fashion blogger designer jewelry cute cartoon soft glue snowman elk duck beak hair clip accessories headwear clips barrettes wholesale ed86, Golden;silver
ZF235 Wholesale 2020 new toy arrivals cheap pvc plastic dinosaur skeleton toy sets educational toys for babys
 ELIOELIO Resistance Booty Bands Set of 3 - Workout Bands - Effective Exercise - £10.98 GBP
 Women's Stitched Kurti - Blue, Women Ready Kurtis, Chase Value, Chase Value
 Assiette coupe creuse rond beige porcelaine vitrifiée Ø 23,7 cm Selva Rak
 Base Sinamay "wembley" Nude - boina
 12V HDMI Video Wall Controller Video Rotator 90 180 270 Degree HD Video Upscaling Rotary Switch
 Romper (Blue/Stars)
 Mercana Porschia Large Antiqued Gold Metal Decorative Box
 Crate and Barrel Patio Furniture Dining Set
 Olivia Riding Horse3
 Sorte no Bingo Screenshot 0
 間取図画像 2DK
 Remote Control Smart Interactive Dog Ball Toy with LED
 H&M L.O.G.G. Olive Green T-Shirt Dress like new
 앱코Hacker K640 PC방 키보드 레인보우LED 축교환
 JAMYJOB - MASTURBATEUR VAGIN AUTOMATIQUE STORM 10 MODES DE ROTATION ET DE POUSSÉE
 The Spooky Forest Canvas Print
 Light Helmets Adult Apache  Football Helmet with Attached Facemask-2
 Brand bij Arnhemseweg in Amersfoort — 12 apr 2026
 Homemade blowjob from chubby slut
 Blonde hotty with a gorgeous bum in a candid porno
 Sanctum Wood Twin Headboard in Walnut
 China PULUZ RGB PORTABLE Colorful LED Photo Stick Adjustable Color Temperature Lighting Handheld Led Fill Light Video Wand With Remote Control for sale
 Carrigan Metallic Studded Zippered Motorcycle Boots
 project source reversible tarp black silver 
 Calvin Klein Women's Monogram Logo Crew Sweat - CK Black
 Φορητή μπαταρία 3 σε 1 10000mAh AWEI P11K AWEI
===============
*PROBLEM DESCRIPTION*. Please count how many lines of the listing include the word "silver", giving the number by itself.

*SOLUTION TO THIS PROBLEM*. 2